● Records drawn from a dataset
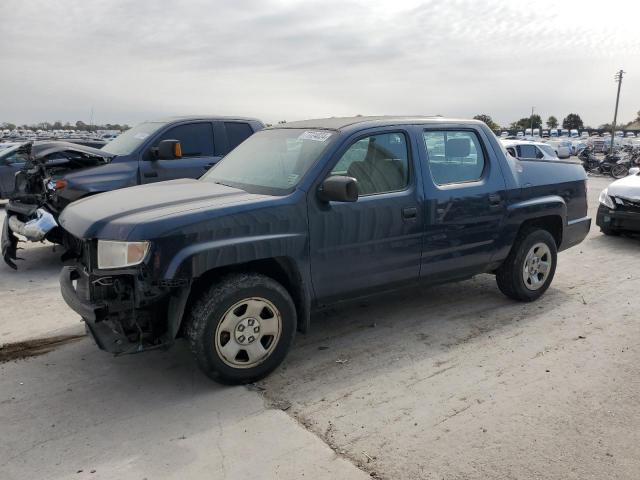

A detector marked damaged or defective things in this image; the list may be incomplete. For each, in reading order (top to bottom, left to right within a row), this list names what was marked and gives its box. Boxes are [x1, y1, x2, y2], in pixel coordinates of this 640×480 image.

damaged car [1, 114, 264, 268]
damaged car [596, 168, 640, 235]
damaged front bumper [59, 260, 190, 354]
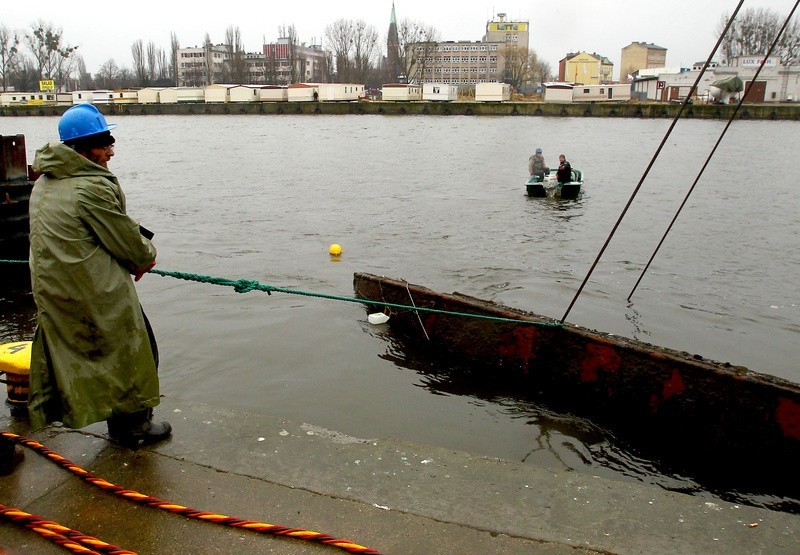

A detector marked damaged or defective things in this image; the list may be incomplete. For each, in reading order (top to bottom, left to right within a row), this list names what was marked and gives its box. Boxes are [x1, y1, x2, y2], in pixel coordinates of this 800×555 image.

rusty hull [354, 274, 800, 490]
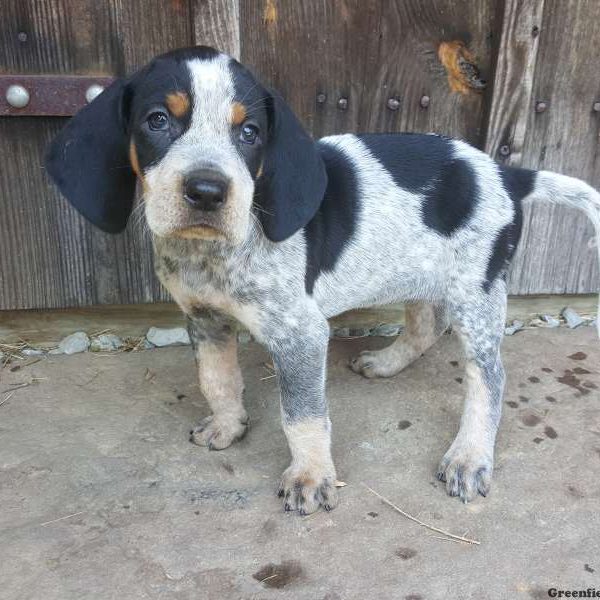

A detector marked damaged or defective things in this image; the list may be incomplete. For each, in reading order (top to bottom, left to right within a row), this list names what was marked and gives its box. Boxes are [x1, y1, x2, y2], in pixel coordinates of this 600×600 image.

rusty metal bracket [0, 75, 115, 117]
cracked concrete [0, 328, 596, 600]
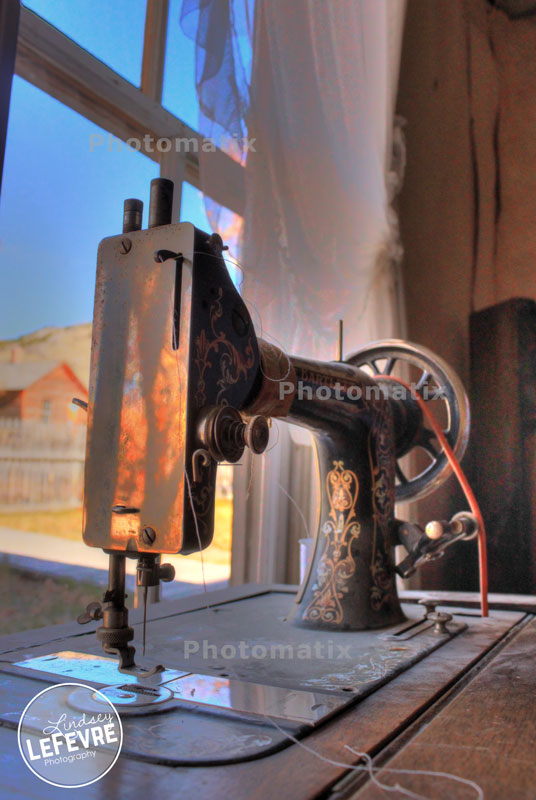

● Task item
Beginning at the line that contains "this 800×555 image.", copy each remaining line of the records exactly, through the final one. Omit the pictures.

● Response area
A detector marked damaged or defective things in this image; the list may be incomplete. For each, in reading order (top to bottom, left to right within a row), this list names what was marked and gives its box. Boxes are [x1, y1, x2, y2], in pixel coordinates of this 800×555 image.

rusty hull [354, 274, 800, 490]

A detector marked damaged or defective things in this image; the list may be incomplete. For each, in reading order (top to bottom, left to right within a row), this list names what was marked and gives its box. Boxes are [x1, y1, x2, y2], in pixel coordinates of this 600×600 image.

rusty metal bracket [0, 75, 115, 117]
cracked concrete [0, 328, 596, 600]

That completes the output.